Fred Trémège, très bon, très bien, très drôle.

Fred Trémège, comédien inspiré joue Enfin visible, au Point-Virgule, un show époustouflant qu’il faut absolument voir les 29 septembre et 29 octobre à 20h.

Fred Trémège

Je parle peu des humoristes hommes sur ce blog sauf quand j’ai vraiment un coup de cœur. Enfin visible  fut l’une des belles surprises de mon été parisien et  j’aimerais vraiment qu’elle se prolonge cet automne.  Si d’aventure ce post avait quelque influence… Je compte sur vous.  Car Enfin visible est un show drôle, intelligent, caustique et Fred Trémège le sert avec une belle énergie contrôlée qui fait la signature des grands artistes.

Dans cette salle du Point-Virgule où défilent de plus en plus d’artistes dédiés au stand-up, c’est un vrai plaisir de découvrir un auteur et comédien qui ne craint pas de proposer des sketches, d’installer des personnages et d’interroger la société dans laquelle il vit plutôt que d’astiquer son nombril en cédant à la mode ambiante. Trémège, Toulousain de 42 ans, place son exigence au-delà du simple jeu de mots et de la vanne facile. C’est un auteur habité et forcément un peu militant pour qui chaque parole est porteuse d’une idée et d’une vérité à défendre.

Le comédien entre sur la scène du Point-Virgule vêtu d’un costume trop grand -comme tous les clowns. Manière de signifier que rien ne (lui) va dans ce monde taillé à la démesure de certains et dans lequel d’autres se noient, se perdent, se battent pour survivre. Ces contours trop larges avec lesquels Trémège n’arrive pas à faire corps sont ceux de l’ultra-libéralisme qui pousse au culte de la performance, du nombrilisme, de l’arrogance, d’une certaine bêtise et de la vulgarité.
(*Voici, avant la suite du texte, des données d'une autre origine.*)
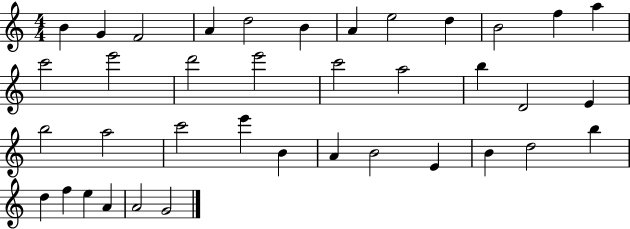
X:1
T:Untitled
M:4/4
L:1/4
K:C
B G F2 A d2 B A e2 d B2 f a c'2 e'2 d'2 e'2 c'2 a2 b D2 E b2 a2 c'2 e' B A B2 E B d2 b d f e A A2 G2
Un monde déséquilibré dont les poètes sont les chasseurs. Tellement déséquilibré qu’on introduit au travail, terrain peu propice à l’amusement et à la rigolade, des simulacres de jeux d’enfants.

Car Enfin visible s’ouvre  sur un jeu de cour de recré (1,2, 3 soooleil !) appliqué au monde du travail et utilisé comme méthode de recrutement. Sous la patte de Trémège, recruter, ça n’est pas choisir la personne dont on a besoin mais s’amuser à exclure, diviser et au passage humilier ceux dont on ne veut pas -une sorte de casting cruel qui est d’ailleurs le lot de nombreux comédiens. Suivent donc des tests d’évaluation comme cette lettre de motivation des plus démotivantes, des jeux de rôles qui en disent long sur le recruteur et si peu sur les postulants. A moins qu’ils ne se rebiffent…
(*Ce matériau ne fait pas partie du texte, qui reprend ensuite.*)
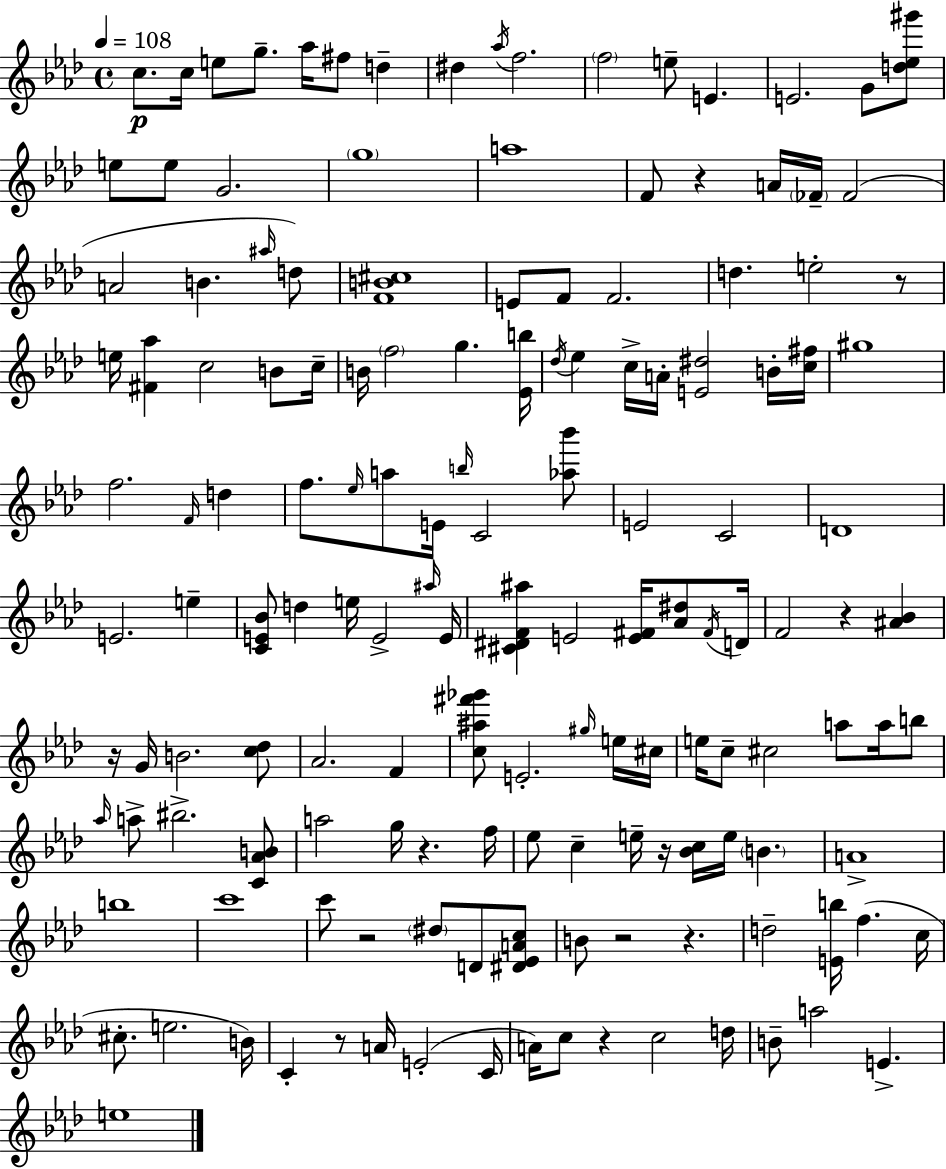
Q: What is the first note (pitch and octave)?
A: C5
Tout le show navigue entre portraits de ceux qui se conforment à ce monde et s’y complaisent et ceux qui s’en détachent par nécessité ou accident. Le sketch du  super patron de l’année, celui du chasseur Roger, membre de l’Amicale des Chasseurs de la Gaillarde, pour qui tout est «profond, calme et grave», celui du politicien empêtré dans la langue de bois sont à se tordre. On s’amuse de la lettre que Beigbemoix -écrivain qui «travaille à être célèbre (…) et écrit des livres qui se vendent»- adresse à Derrida, des animateurs de télé trop pleins de la vacuité des émissions qu’ils présentent (“J’ai râté un épisode”, “Le droit de tout voir”). On se régale de l’histoire de «cette main qui tous les soirs à 20h frappe les plus riches de notre monde, nasdaqophiles compulsifs et autres obsédés du Nikkeï»…C’est plein d’idées, de belles inventions qui ne se contentent pas d’être belles mais sont porteuses de sens. La charge est féroce mais jamais indigeste. C’est drôle et souvent brillant. Et même s’il y a bien une ou deux facilités, on ne saurait en tenir rigueur  au comédien tellement l’ensemble est cohérent et ficelé.

Au total, dix sketches incisifs écrits à la pointe du stylo et qui lacèrent ce costume trop grand, métaphore d’un monde overdosé, pour tenter d’en redessiner la silhouette et lui donner une taille plus humaine. J’ai quitté le Point-Virgule, avec le sourire et le sentiment d’avoir partagé un grand moment. Ah, j’allais oublier la bande-son judicieusement choisie…mais plutôt que d’en parler, le mieux serait de vous encourager à aller l’écouter en regardant Enfin visible qui est également enfin audible.

Le Point-Virgule : 7, rue Sainte-Croix de La Bretonnerie, 75004 Paris. Tél : 01 42 78 67 03.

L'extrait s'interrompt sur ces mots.